A few weeks ago, I read and reviewed The English Governess and the Siamese Court. I found it boring and confusing. This biography of Anna Leonowens seeks to tell the "real story" of the governess of the King of Siam. Why is it necessary for the "real story" to be told? There are two very good reasons: first, Leonowens' own works--her memoirs and travel guides--were fictionalized in varying degrees, and, second, her life was further fictionalized by Margaret Landon in her 1944 novel, Anna and the King of Siam. These two portraits of Anna are different from one another, and neither are quite true enough, genuine enough. Anna and the King of Siam has inspired several film adaptations (musical and non-musical). There was a real story to be uncovered, a story that was not discovered until several decades after The King and I. Bombay Anna tries to unveil a third portrait of Anna that explains and to a degree justifies the lies.

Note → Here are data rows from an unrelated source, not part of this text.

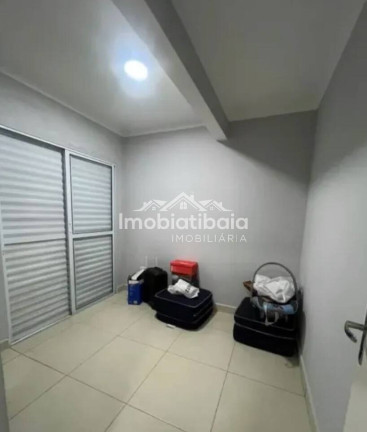 Imagem Casa de Condomínio com 3 Quartos à Venda, 220 m² em Jardim Estância Brasil - Atibaia Imagem Casa de Condomínio com 3 Quartos à Venda, 220 m² em Jardim Estância Brasil - Atibaia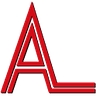 Logo for Melbourne MFG Co Inc.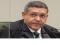 Nunes Marques toma posse como vice-presidente do TSE e comandar a corte em 2026.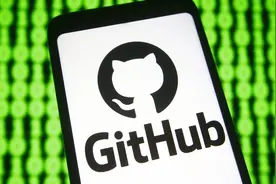 “过度炒作”的生成式AI将在2024年遇冷？微软正在亏钱图片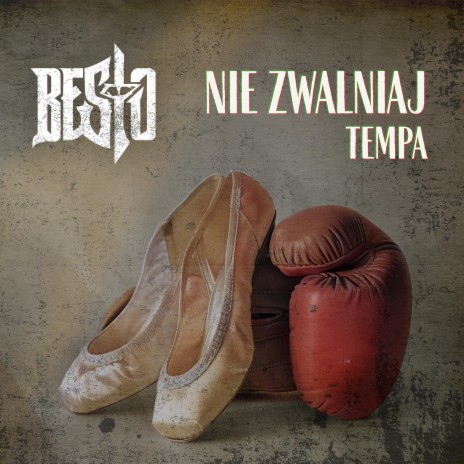 Nie Zwalniaj Tempa | Boomplay Music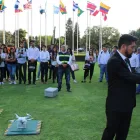 La imagen 3 de la Empresa LATITUD 19 TOPOGRAFIA Y PROYECTOS S.A DE C.V Servicios Profesionales y de Negocios en Puebla MEX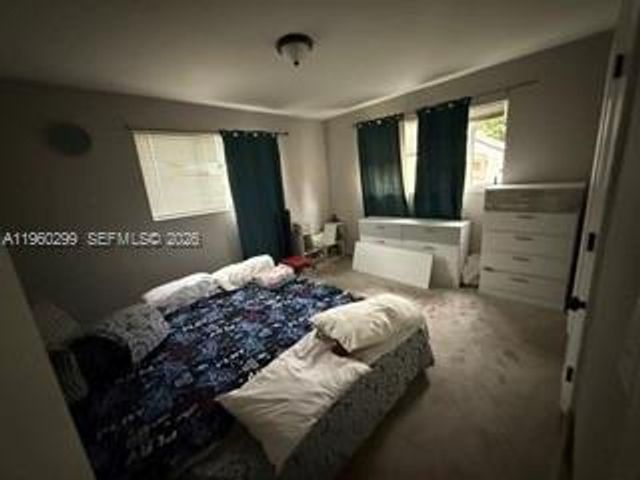 4841 NW 12th Ct, Lauderhill, FL 33313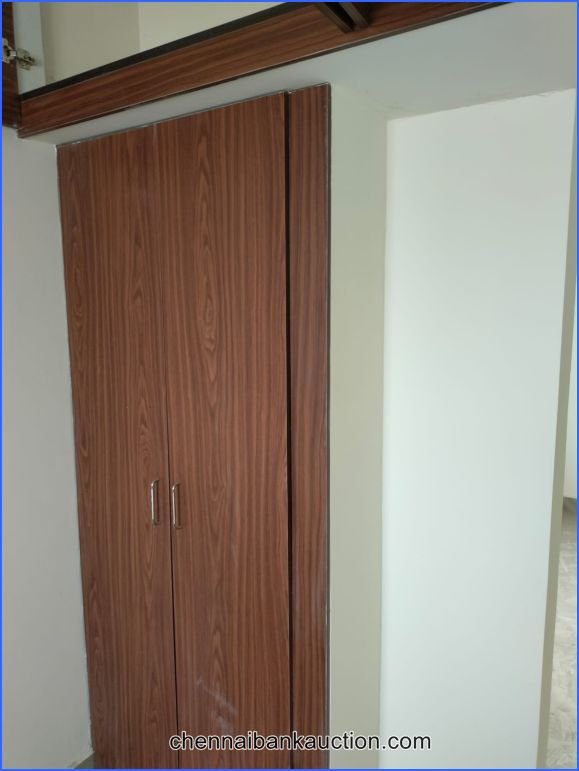 e-Auction-Flat-Sale-in-Adhanur-7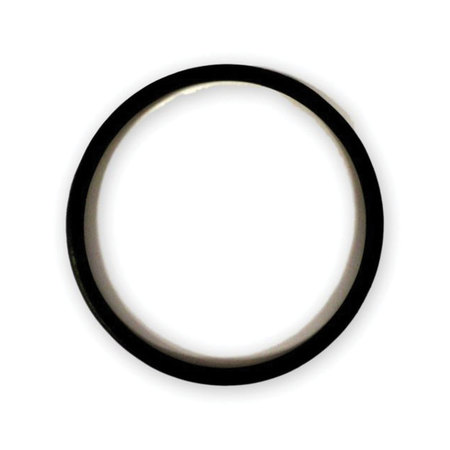 WATERPUR WaterPur 10-CLW CANISTER O-RING ONLY Replacement O-Ring A4125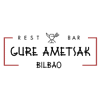 Gure Ametzak en Bilbao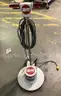 Floor Scrubber/Buffer (215260 BT)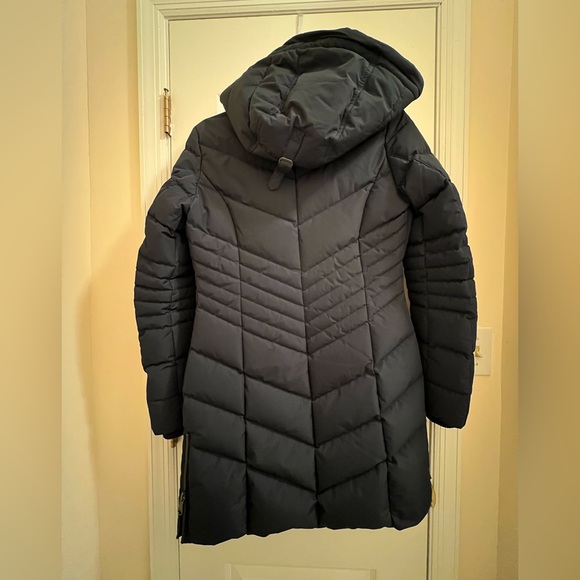 Pajar Canada Queens Down Parka - Picture 2 of 13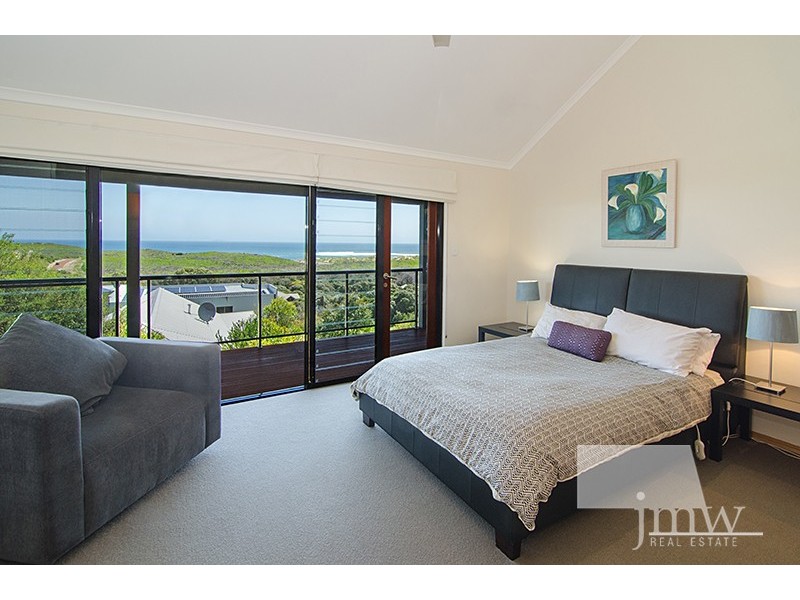 53 Baudin Drive, Gnarabup WA 6285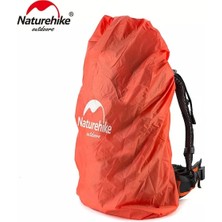 Papajack Diğer-Mavi M Naturehike 20 75L Su Geçirmez Sırt Çantası Sırt Çantası Yağmur Paketi Sırt Çantası Kamp Yürüyüş Bisiklet Okul Sırt Çantası Toz Kapakları (Yurt Dışından)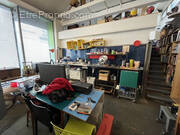 Autre à SAINT-ETIENNE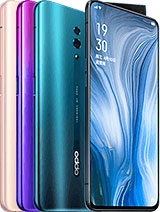 Best available price of Oppo Reno in Pakiatan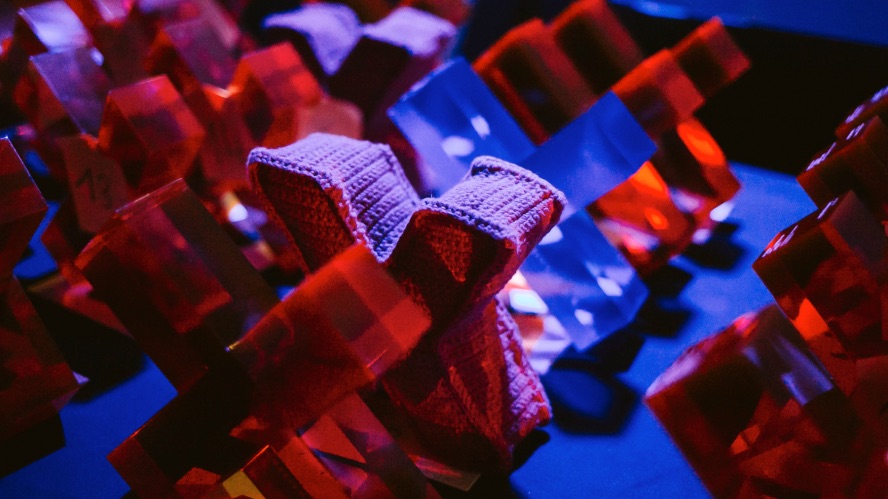 Les Prix Numix 2025 récompensent l’innovation numérique avec 69 projets finalistes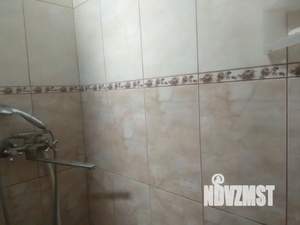 Дом 45м², 1-этажный, посуточно, 
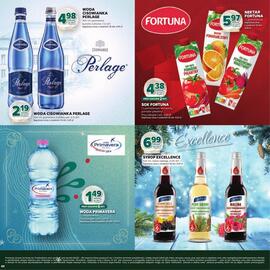 Stokrotka gazetka Strona 60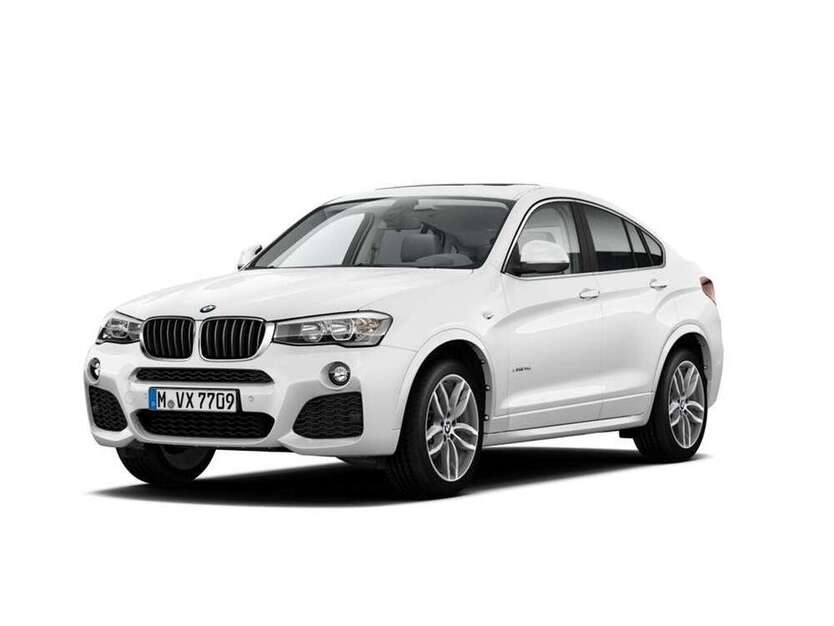 X4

- Did you know that Anna was biracial? Her mother and grandmother were Indian or perhaps Indian-Portuguese.
- Did you know that Anna was born in India? Despite her created biography, Anna was not born in England or Wales. She had never been to the UK at all when she entered into Siam.
- Did you know that Anna was raised in a diverse, vibrant multicultural environment? Siam was not Anna's introduction to other cultures or faiths. Christianity was not the only exposure, by any means, she grew up playing with children of other faiths; she respected and admired many faiths. She was definitely opposed to all forms of proselytizing. She felt the last thing Buddhists needed was conversion to Christ.
- Did you know that Anna spoke many languages, that she continued to learn many languages throughout her life? Anna was GREAT at learning foreign languages. She excelled in reading, writing, translating, speaking other languages.
- Did you know that Anna was well-traveled? The first twenty or twenty-five years of her life were spent in India; but, she later traveled with her husband to Singapore, and, then Australia. She then worked in Siam. After leaving Siam, she finally visited Ireland and England. She spent time in the United States, Canada, and Germany. She also spent months traveling in Russia.
- Did you know that she raised many of her grandchildren?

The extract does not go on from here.